In this case, we would refer to both the implementation and distribution as "CPython". As we'll show below, the CPython implementation is contained in different distributions.

Distributions on Apocrita

There are currently three Python distributions available on Apocrita: CPython, Anaconda and Intel Distribution for Python. They all use the CPython implementation. You can see available Python modules with

module avail python anaconda intelpython

CPython

CPython is an implementation of Python and also a distribution. It is the reference implementation, is written in C (thus the name "CPython") and comes with the standard library, a large library of commonly used functions and classes written in Python and C.

On Apocrita, this implementation is accessed through python/ modules. For example

module load python

On another computer, it can be installed either by downloading from python.org or using your system's package manager, where it is probably called python or python3.

Why use CPython?

  • It is the "official" and most widely used implementation
  • You can view and modify the source code
  • It is available on a wide array of platforms; from Apocrita to Raspberry Pi

Why not use CPython?

  • There may be other distributions that are more widely used in your field
  • It may not be the quickest implementation
  • It does not come bundled with as many tools and libraries as other implementations

You can find out more about CPython on our Python page.

Anaconda

Anaconda is a distribution of Python and R that is aimed at data science. It bundles the CPython implementation with more than 200 commonly used data science and machine learning libraries. It also includes Jupyter (for making notebooks), Conda (a tool for package and environment management) and Spyder (an IDE).

On Apocrita, this implementation is accessed through the anaconda2/ and anaconda3/ modules. For example

module load anaconda3

On another computer, it can be installed by downloading it from anaconda.com.

Why use Anaconda?

  • It is widely used in the data science community
  • It includes useful software and packages
  • It may be somewhat faster that CPython

Why not use Anaconda?

  • Anything you can do with Anaconda, you can do with CPython (with a bit more work)
  • The performance improvement may be insignificant on your project
  • On your own computer, Anaconda may require considerably more space than CPython, unless you use Miniconda, the minimal installer of conda and Python

You can find out more on our Anaconda page.
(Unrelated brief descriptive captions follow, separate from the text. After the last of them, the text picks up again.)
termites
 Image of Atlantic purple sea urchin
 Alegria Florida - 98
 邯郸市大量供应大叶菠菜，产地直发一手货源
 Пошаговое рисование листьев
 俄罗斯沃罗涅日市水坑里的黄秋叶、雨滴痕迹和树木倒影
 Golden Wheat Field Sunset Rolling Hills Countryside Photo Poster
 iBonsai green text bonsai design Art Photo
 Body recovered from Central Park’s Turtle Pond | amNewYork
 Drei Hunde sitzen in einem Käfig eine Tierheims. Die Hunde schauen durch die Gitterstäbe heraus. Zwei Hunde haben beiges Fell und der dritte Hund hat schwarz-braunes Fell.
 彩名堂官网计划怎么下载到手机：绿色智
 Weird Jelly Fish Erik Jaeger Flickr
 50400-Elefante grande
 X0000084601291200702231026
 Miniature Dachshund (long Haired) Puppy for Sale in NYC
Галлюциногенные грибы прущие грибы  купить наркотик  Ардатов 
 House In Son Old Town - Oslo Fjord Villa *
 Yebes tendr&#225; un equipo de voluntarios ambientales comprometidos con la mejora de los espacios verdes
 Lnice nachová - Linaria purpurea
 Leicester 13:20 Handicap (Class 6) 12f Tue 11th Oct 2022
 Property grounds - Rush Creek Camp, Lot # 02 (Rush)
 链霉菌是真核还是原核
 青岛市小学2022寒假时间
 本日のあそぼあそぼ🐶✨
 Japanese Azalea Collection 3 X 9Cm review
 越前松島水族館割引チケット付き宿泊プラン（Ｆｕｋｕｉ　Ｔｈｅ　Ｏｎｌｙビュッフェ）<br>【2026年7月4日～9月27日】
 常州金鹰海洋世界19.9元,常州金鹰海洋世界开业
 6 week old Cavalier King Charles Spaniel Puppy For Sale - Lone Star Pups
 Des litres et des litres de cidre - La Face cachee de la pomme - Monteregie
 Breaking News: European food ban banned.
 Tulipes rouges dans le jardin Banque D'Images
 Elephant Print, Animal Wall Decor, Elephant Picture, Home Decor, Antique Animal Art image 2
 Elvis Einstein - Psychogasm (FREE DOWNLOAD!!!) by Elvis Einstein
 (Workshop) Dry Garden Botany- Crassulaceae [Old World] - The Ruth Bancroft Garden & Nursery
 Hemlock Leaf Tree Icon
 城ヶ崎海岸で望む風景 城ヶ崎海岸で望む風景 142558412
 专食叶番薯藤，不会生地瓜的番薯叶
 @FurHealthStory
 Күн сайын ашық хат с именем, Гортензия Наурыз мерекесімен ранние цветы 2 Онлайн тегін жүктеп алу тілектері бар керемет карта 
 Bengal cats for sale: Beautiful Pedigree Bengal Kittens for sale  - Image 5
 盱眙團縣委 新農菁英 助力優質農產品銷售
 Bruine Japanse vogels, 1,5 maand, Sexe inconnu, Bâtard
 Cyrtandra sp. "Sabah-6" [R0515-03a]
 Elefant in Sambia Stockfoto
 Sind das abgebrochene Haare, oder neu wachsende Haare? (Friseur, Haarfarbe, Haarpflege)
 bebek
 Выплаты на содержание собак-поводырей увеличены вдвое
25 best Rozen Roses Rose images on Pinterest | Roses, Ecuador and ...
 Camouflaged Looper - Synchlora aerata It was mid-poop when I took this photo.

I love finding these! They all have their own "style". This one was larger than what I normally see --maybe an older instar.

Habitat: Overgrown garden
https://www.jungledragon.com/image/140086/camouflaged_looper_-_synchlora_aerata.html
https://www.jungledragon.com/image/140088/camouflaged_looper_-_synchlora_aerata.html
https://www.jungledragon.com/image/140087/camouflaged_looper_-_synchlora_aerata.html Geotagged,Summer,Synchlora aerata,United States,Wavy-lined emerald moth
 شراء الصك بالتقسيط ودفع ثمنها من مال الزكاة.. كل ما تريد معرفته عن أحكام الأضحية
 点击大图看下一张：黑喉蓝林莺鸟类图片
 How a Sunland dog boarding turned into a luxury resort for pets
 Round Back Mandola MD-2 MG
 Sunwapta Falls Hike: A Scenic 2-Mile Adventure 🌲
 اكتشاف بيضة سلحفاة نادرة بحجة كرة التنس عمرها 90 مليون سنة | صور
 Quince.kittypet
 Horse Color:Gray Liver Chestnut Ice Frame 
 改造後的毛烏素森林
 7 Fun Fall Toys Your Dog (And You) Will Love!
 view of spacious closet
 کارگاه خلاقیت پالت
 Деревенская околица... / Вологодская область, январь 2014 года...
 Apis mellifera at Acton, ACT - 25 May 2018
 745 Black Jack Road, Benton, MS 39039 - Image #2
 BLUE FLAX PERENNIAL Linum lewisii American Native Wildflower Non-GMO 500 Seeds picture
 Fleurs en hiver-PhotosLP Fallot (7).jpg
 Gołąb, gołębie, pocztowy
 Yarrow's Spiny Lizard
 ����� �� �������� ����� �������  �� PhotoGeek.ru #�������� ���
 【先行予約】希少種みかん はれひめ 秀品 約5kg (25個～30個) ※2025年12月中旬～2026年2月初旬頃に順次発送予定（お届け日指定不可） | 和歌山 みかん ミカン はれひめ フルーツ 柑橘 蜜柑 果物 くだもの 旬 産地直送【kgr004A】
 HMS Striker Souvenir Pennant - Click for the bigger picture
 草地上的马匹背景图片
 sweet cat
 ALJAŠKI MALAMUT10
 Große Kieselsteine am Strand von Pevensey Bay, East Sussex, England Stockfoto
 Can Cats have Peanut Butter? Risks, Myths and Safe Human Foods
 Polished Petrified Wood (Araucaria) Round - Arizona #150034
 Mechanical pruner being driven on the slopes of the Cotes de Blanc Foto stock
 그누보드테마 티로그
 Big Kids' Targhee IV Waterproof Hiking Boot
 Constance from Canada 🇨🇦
Intel Distribution for Python

Intel Distribution for Python is a distribution that includes some proprietary high performance libraries. Like Anaconda, it includes its own versions of commonly used data science libraries such as NumPy and SciPy and comes with both the conda and pip commands for package management.

On Apocrita, this implementation is accessed through the intelpython/ modules. For example

module load intelpython

On another computer, there are several ways to install Intel Distribution for Python. The recommended method is to download it from Intel.

Why use Intel Distribution for Python?

  • It may be quicker than CPython for some tasks
  • It includes utility and performance tools such as Conda and MKL

Why not use Intel Distribution for Python?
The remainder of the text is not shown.